VE7RF wrote:
The rules on setbacks upsets me. To have a tower fall full length and
still remain on your own property is pretty tough if a ham lived on a
typ city lot..like 50' x 120' or similar. Freestanding towers, like
Trylons are designed to break at the 40' level..and not at the
base.They will not fall full length. A UST crank up is the same
deal, they break 3 x sections up.
Now if a 100' tall tree on my own property, falls down on my neighbors'
house, the neighbors' own house insurance covers the damage. If the
neighbor does not have insurance, he is outa
luck. My insurance does NOT cover my neighbors' home. Same deal with my
tower.
--
this brings up a couple interesting issues..
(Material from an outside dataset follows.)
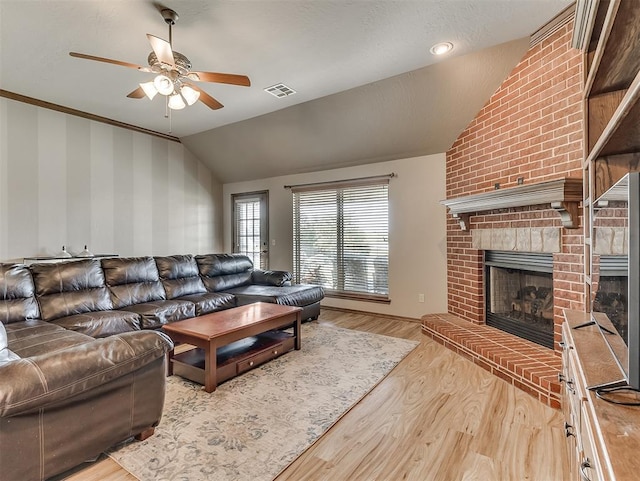 living area featuring visible vents, a brick fireplace, vaulted ceiling, wood finished floors, and a ceiling fan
You say designed to break at a particular point. I hadn't seen that in
any of the drawings I've seen, but then, I wouldn't think they would put
a dashed line and arrow in a bubble saying >Break here. But it is an
interesting concept.
The question would be whether it would fly in a regulatory context. It's
well known that tall skinny freestanding things tend to break somewhere
when falling (chimneys, pencil points), but I don't know that it's
something that can be convincingly "designed in" in a way that will
cover ALL circumstances. If the tower is strong enough, it WILL fall in
one intact piece. (e.g. 200-300 foot trees fall over without breaking
in the middle)
The tower vs tree thing is more about "manmade" vs "natural feature"..
and, I suspect that if you had a big tree with obvious defects in it and
it fell on someone else's stuff, you'd wind up with liability. All what
a "reasonable person" would have done to mitigate the obvious danger.